Dubya – or as Jon Stewart calls him, “still-President Bush” – pulled another grand tour this past week, dropping in on our various European allies, mugging with the crypto-fascist Sarkozy (perhaps comparing notes on how to be slightly less unpopular than he is right now), and generally doing all he can to undermine any chance of a reduction in international tensions. He took a few ceremonial swings at the Iranian punching bag, made some thinly veiled threats against Syria, etc. Quite a performance. What a pity he has to come home so soon. Wouldn’t it be great if he just kept traveling until after inauguration day? Though I suppose it doesn’t do any harm for people to see him around the White House with some regularity, if only to serve as a grim reminder of how idiotic we were to put him there in the first place. Not that a simple trip to the gas station shouldn’t be enough to accomplish that.

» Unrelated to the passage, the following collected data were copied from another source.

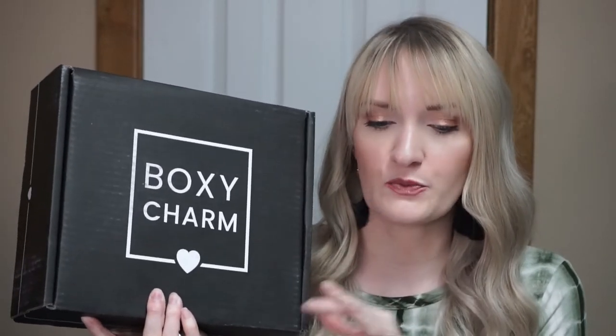Hi! Welcome back to my channel. Today we're going to be doing a BoxyCharm unboxing, and I'm fairly certain that this is the premium box because it's so big.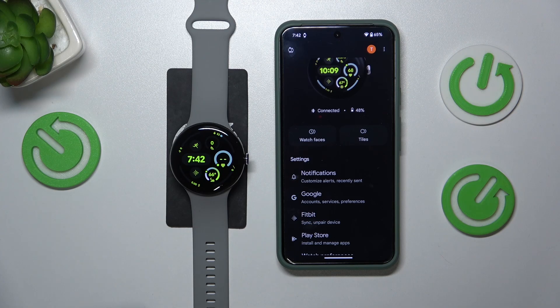Welcome! In this video I'll show how you can find the IMEI number in Google Pixel Watch 3.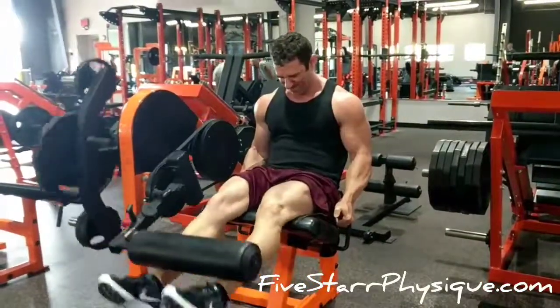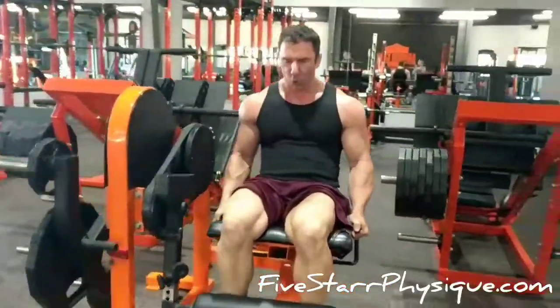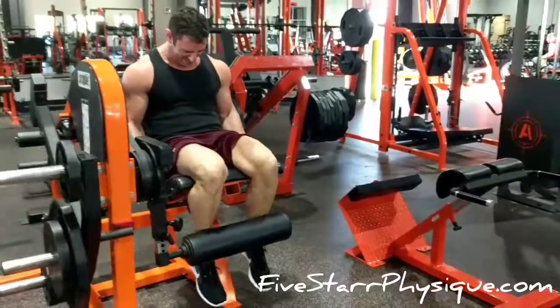The patellar tendon is in a slightly compromised position on this exercise, so what you want to do is have a nice smooth start to each rep. Lift the weight up in a steady manner and then give it a good hard squeeze up at the top.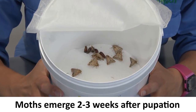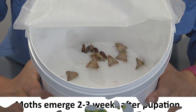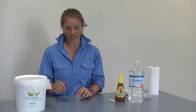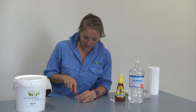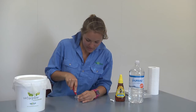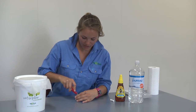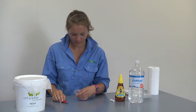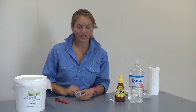Now that your moths have emerged, they will need something to feed on. Take an empty rearing cup and lid, and use a Stanley knife to cut two slits in a cross shape in the top of the lid.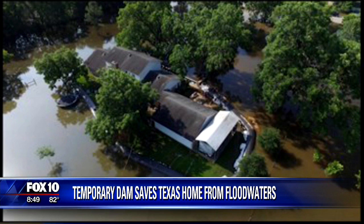Remember that we had basically a bladder that they filled with water. The gravity of it and holding it down is what kept it in place and kept the water behind it. People are saying this could be something that could help a lot of people with flooding right now.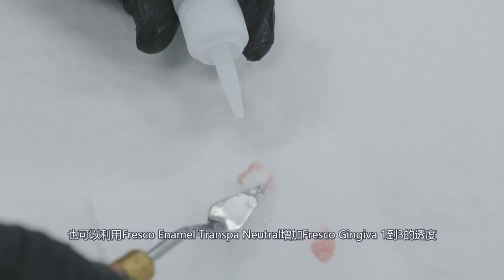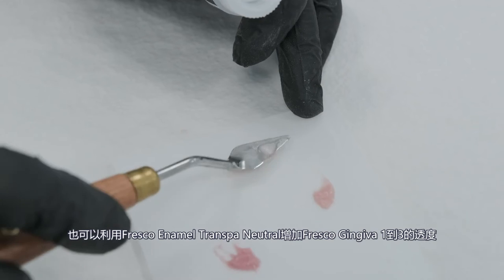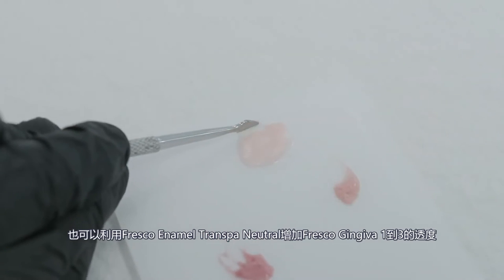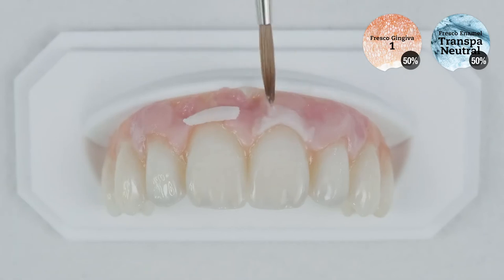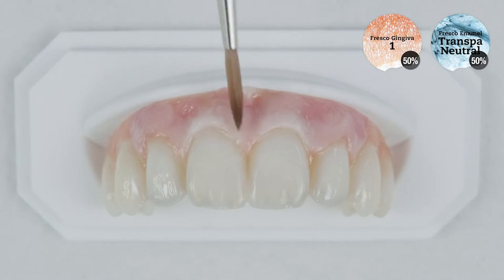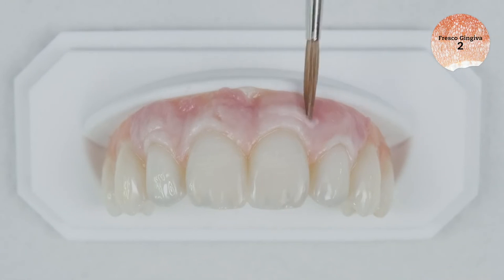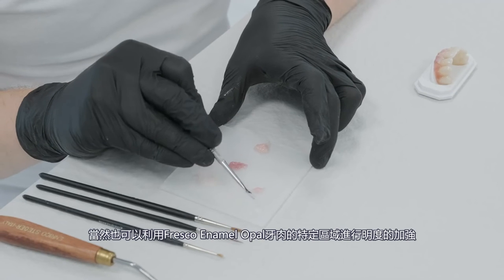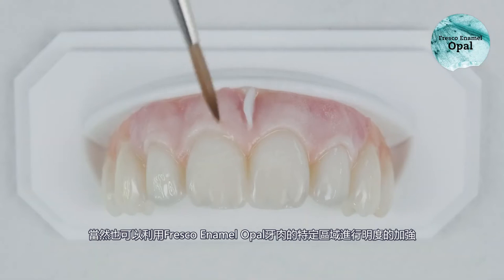The translucency of the light-colored Fresco Gingiva pastes 1 through 3 can also be increased by adding Fresco Enamel Transpa Neutral. You can use Fresco Enamel Opal to lighten specific gingival regions.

One place he hasn’t stopped in on lately is the failed state he created out of what was once Iraq. Whereas they managed to drop his wife into a section of Afghanistan that wasn’t blowing up long enough for her to say how sweet it is there, no surprise visit to Baghdad was conjured for junior himself. It’s almost as though they don’t want to draw too much attention to the conflict; that people are now focused on other difficulties closer to home, and that’s the way they like it. They can pursue their deeply unpopular (on both sides of the ocean) agenda without undue scrutiny, such as their status of forces agreement that would essentially authorize permanent U.S. bases in Iraq, with highly favorable terms towards American defense contractors. They’re probably hoping we won’t be thinking about that when we march into the voting booth – that we’ll instead be obsessing over Obama’s ex-preacher for his persistent blackness, or pondering how Cindy-Lou McCain looks like a refugee from Petticoat Junction (at least when she’s visiting the heartland).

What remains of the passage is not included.